Dataset entries:
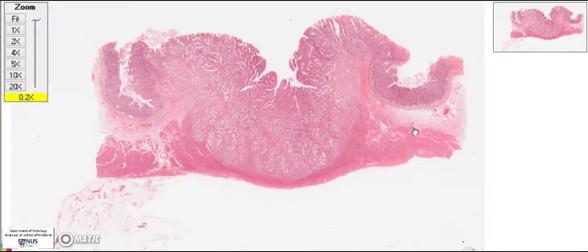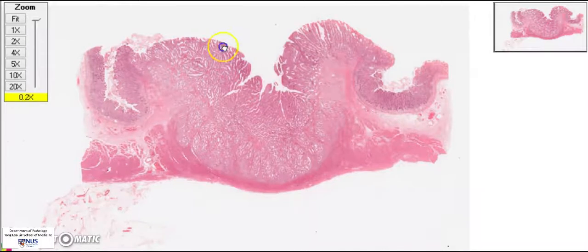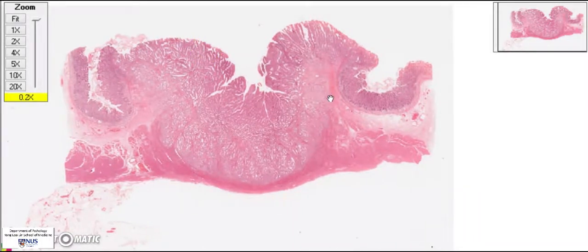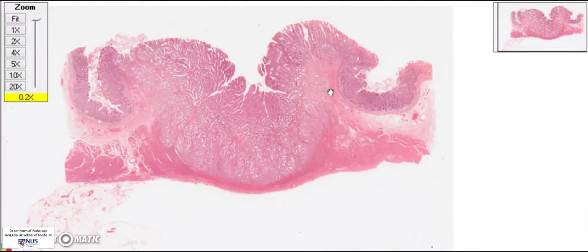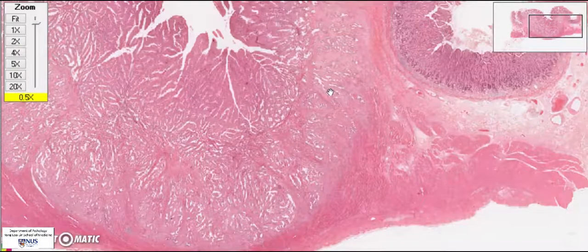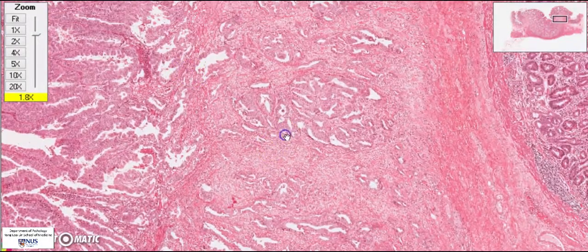The next step is to think about what important clinically significant information we can glean from looking at the microscopy of this slide. First, we want to identify the histologic type of gastric adenocarcinoma. Using the Lauren classification system, there are two main types: intestinal type, which is gland-forming, and diffuse type, which is composed mostly of single cells infiltrating the layers of the gastric wall. There is also mixed intestinal and diffuse.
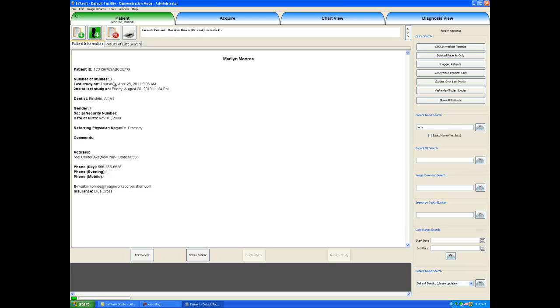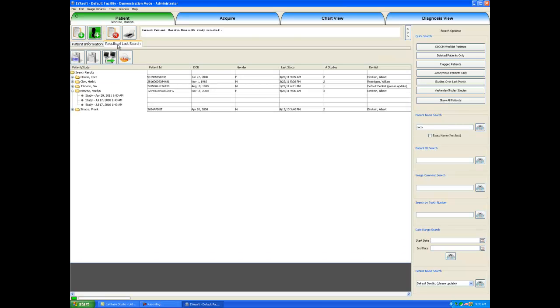I will come back to the results of last search tab, and this will show us again all of our patients in the database.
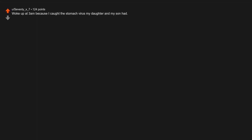Woke up at 3am because I caught the stomach virus my daughter and my son had. I have lost like 4 pounds in the last 12 hours thanks to pooping and vomiting. Wahoo. Back under my pre-pregnancy weight.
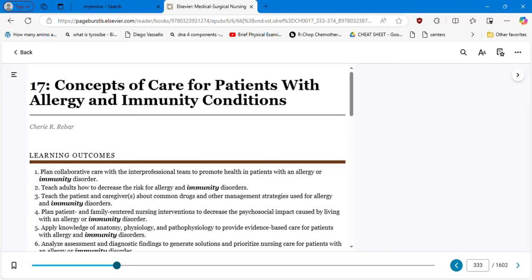Hello, hello students. Welcome to Chapter 17, Concepts of Care for Patients with Allergy and Immunity Conditions.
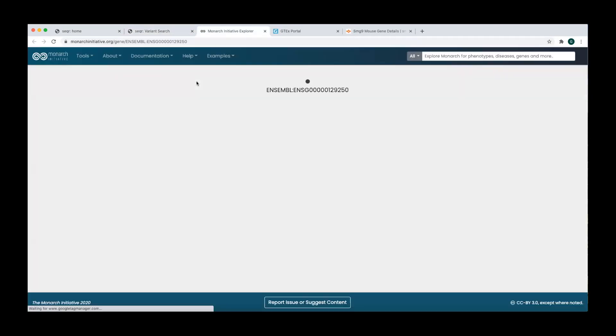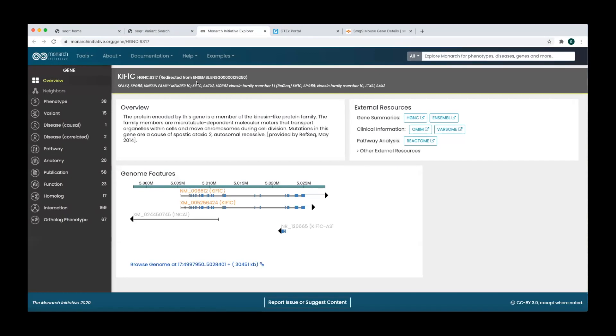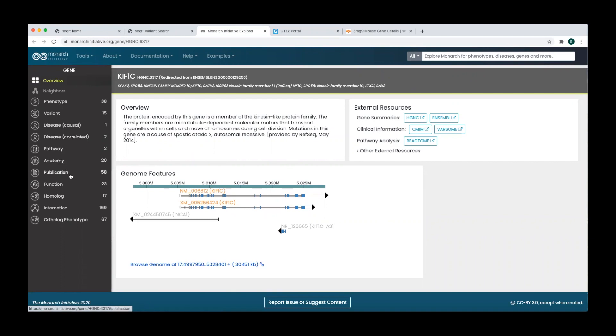Clicking on the MONARCH link will bring you to the entry for this gene from the MONARCH initiative, which presents summarized information about phenotype associations, molecular pathways, published variants, and related publications.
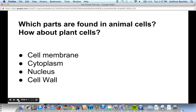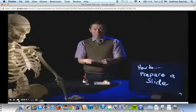Which parts are in animal cells? All of those except for the cell wall. So cell membrane, cytoplasm, and nucleus are all found in animal cells. The only thing not found in animal cells — but found in plant cells — is the cell wall. But all those other three are found in plant cells too.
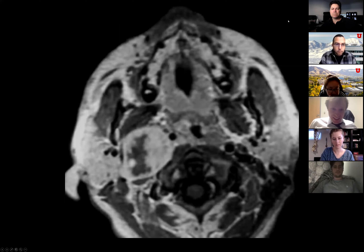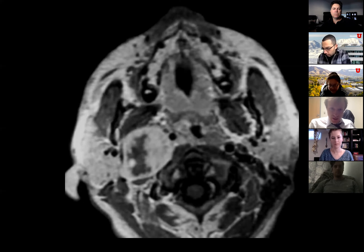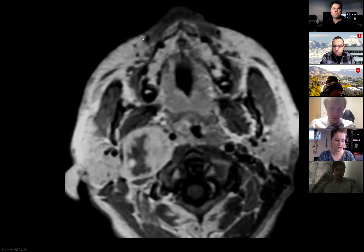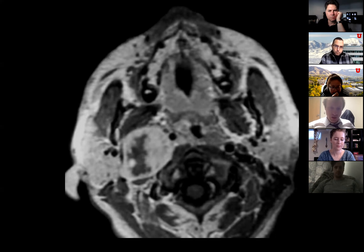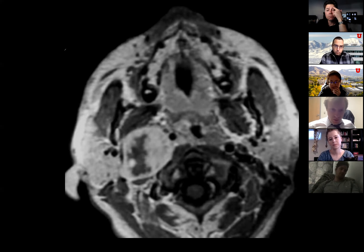Looking at a T1 image, I see a round mass centered in the right carotid space. It has increased signal peripherally and is dark in the center — it's quite large. The differential is a glomus lesion or a nerve sheath tumor. It doesn't have the salt-and-pepper appearance, even though it's T1 — but maybe it's a nerve tumor with some cystic degeneration in the middle.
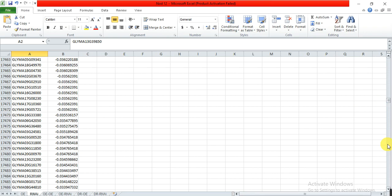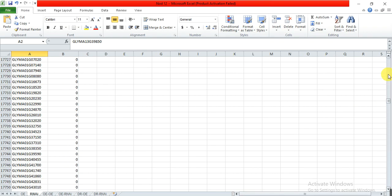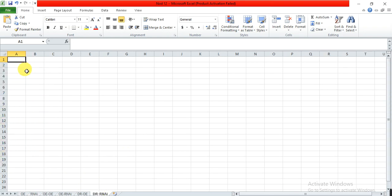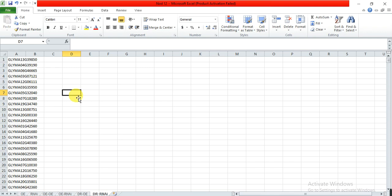We also select the downregulated genes in the RNAi lines and copy and paste them into a worksheet named 'downregulated genes in RNAi.' Now we have four categories: upregulated genes in overexpressed lines, upregulated genes in RNAi lines, downregulated genes in overexpressed lines, and downregulated genes in RNAi. Now let's show them in a Venn diagram.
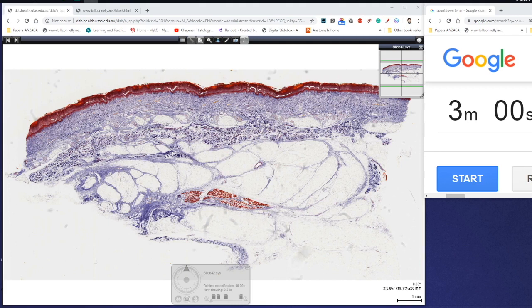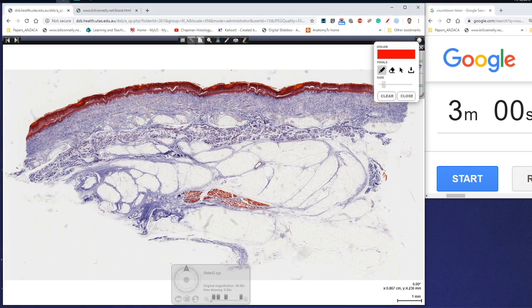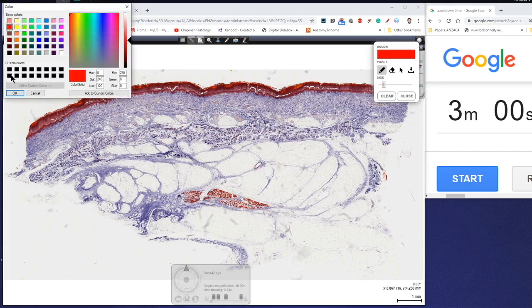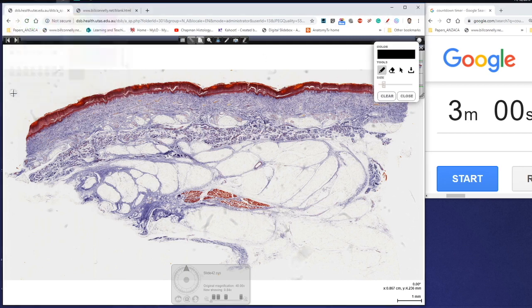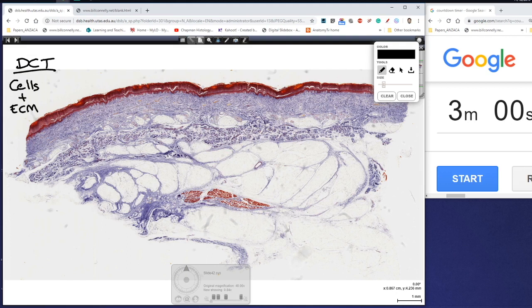If you remember, a breakdown of how we actually look at connective tissue — connective tissue is made up of two things: cells and extracellular matrix. We know the extracellular matrix is made up of ground substance and fibers.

Try it – Could the entries above be returned verbatim, with no pictures included?

Answer for the task –
The next step is to think about what important clinically significant information we can glean from looking at the microscopy of this slide. First, we want to identify the histologic type of gastric adenocarcinoma. Using the Lauren classification system, there are two main types: intestinal type, which is gland-forming, and diffuse type, which is composed mostly of single cells infiltrating the layers of the gastric wall. There is also mixed intestinal and diffuse.
I will come back to the results of last search tab, and this will show us again all of our patients in the database.
Woke up at 3am because I caught the stomach virus my daughter and my son had. I have lost like 4 pounds in the last 12 hours thanks to pooping and vomiting. Wahoo. Back under my pre-pregnancy weight.
Hello, hello students. Welcome to Chapter 17, Concepts of Care for Patients with Allergy and Immunity Conditions.
Clicking on the MONARCH link will bring you to the entry for this gene from the MONARCH initiative, which presents summarized information about phenotype associations, molecular pathways, published variants, and related publications.
Which parts are in animal cells? All of those except for the cell wall. So cell membrane, cytoplasm, and nucleus are all found in animal cells. The only thing not found in animal cells — but found in plant cells — is the cell wall. But all those other three are found in plant cells too.
Looking at a T1 image, I see a round mass centered in the right carotid space. It has increased signal peripherally and is dark in the center — it's quite large. The differential is a glomus lesion or a nerve sheath tumor. It doesn't have the salt-and-pepper appearance, even though it's T1 — but maybe it's a nerve tumor with some cystic degeneration in the middle.
We also select the downregulated genes in the RNAi lines and copy and paste them into a worksheet named 'downregulated genes in RNAi.' Now we have four categories: upregulated genes in overexpressed lines, upregulated genes in RNAi lines, downregulated genes in overexpressed lines, and downregulated genes in RNAi. Now let's show them in a Venn diagram.
If you remember, a breakdown of how we actually look at connective tissue — connective tissue is made up of two things: cells and extracellular matrix. We know the extracellular matrix is made up of ground substance and fibers.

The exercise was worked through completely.